Dean Hoffmeyer, Associated Press
WASHINGTON — John A. Muhammad, whose murderous shooting spree in the fall of 2002 left at least 10 dead, was executed at a Virginia state prison on Tuesday night.
The execution closed a case that fixated the region ever since local residents were gunned down while doing the most mundane tasks, like shopping or pumping gas.
On Monday, the Supreme Court refused to intervene in the case of Muhammad, 48, who was sentenced to die for the killing of Dean H. Meyers, an engineer who was shot in the head at a gasoline station in Manassas, Va.
Meyers was one of 10 people killed in Maryland, Virginia and Washington over three weeks in October 2002. Muhammad's accomplice, Lee B. Malvo, who was 17 at the time, was sentenced to life in prison without parole. The two are also suspected of fatal shootings in Alabama, Arizona and Louisiana.
On Tuesday afternoon, Gov. Tim Kaine of Virginia said he would not stay the scheduled execution. "I find no compelling reason to set aside the sentence that was recommended by the jury and then imposed and affirmed by the courts," Kaine said in a written statement. "Accordingly, I decline to intervene."
The random nature of Muhammad's shootings left people fearful and led many to remain indoors as much as possible to avoid becoming a target.
When the police announced that witnesses had reported having spotted white box trucks near the scenes of the shootings, the public became obsessed with the ubiquitous work vehicles and a sense of panic often beset anyone sitting at an intersection near such trucks. After a teenager was shot outside his Maryland school, local officials decided to keep schoolchildren inside at recess and they began drilling on duck-and-cover techniques.

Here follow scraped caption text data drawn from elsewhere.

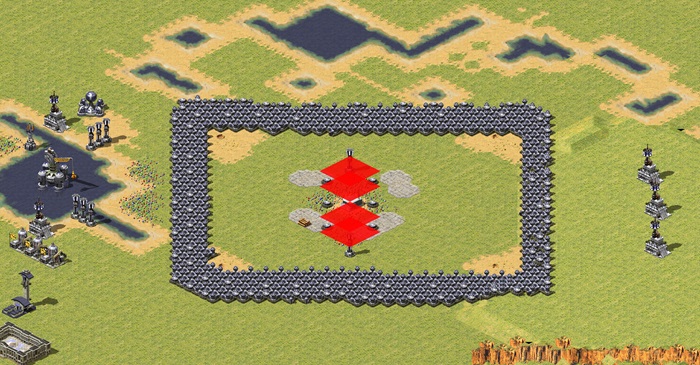 Gems in center 2 preview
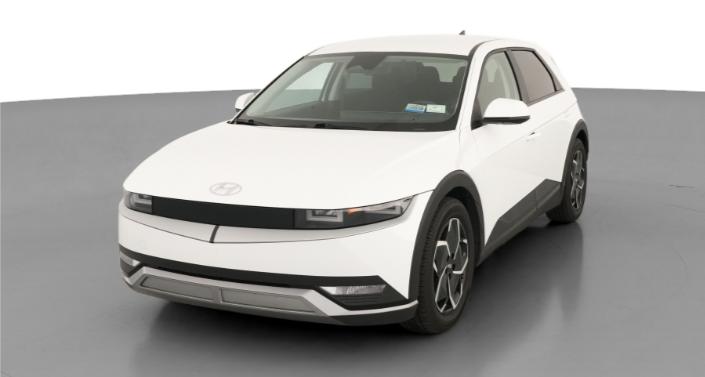 2022 Hyundai Ioniq 5 SE -
                  Auburn, GA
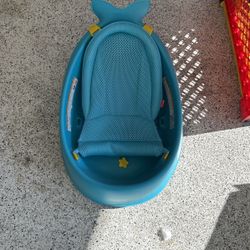 Baby Bathtub
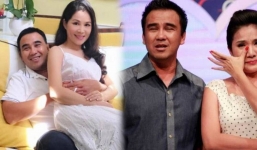 MC Quyền Linh có động thái khiến bao người ngưỡng mộ giữa ồn ào mâu thuẫn với Cát Tường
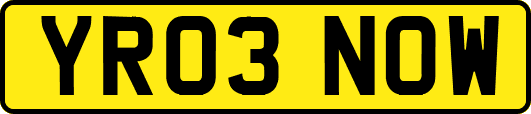 YR03NOW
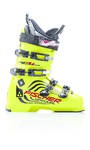Fischer RC4 100 JR VACUUM 2015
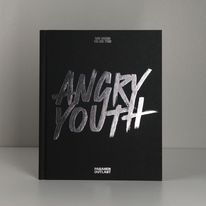 Pasanen, Kristofer/Outlast - We Used To Be The Angry Youth Book
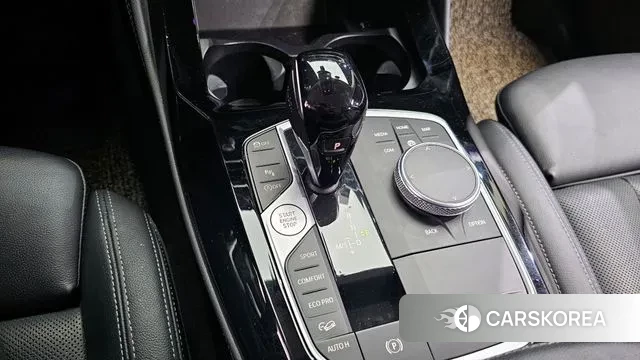 BMW X4 (G02) id 3712604 из Кореи 19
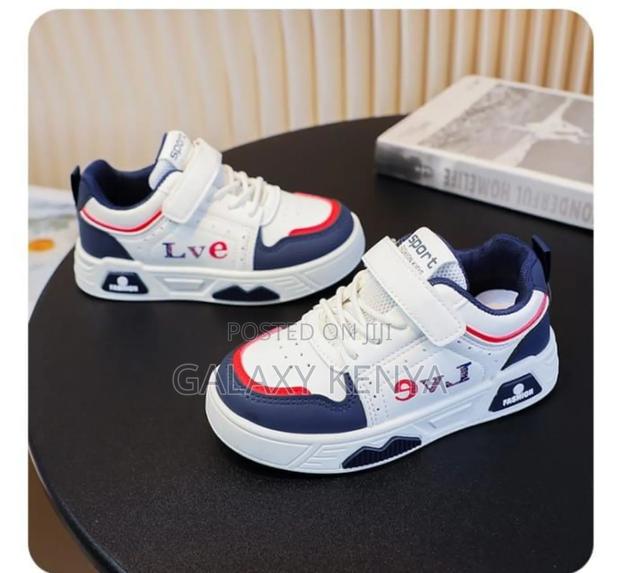 Sneakers - (Kids) - thumbnail 2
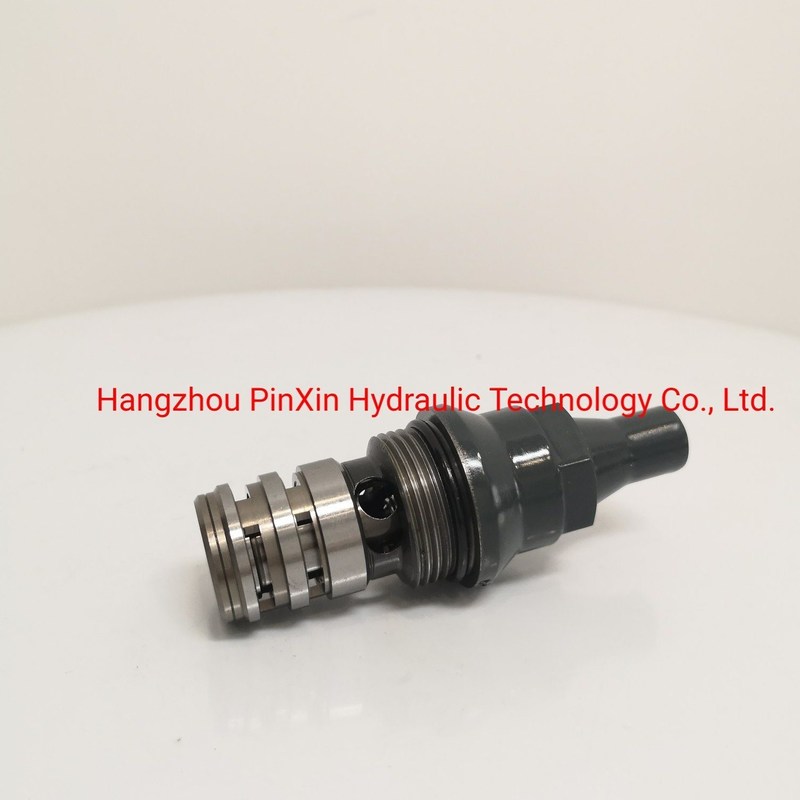 Части гидравлического поршневого насоса Rexroth A4vg71 Da клапан железо применять для бетонного насоса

While the Supreme Court did not comment in refusing to hear Muhammad's appeal, three justices objected to the relative haste accompanying the execution.
Justice John Paul Stevens wrote that he did not disagree with the majority's decision to decline the case, but he complained that "under our normal practice," Muhammad's petition for the court to take his case would have been discussed at the justices' conference scheduled for Nov. 24.
But because Virginia scheduled the execution for Tuesday, the judicial process was rushed, Stevens said in a statement joined by justices Ruth Bader Ginsburg and Sonia Sotomayor.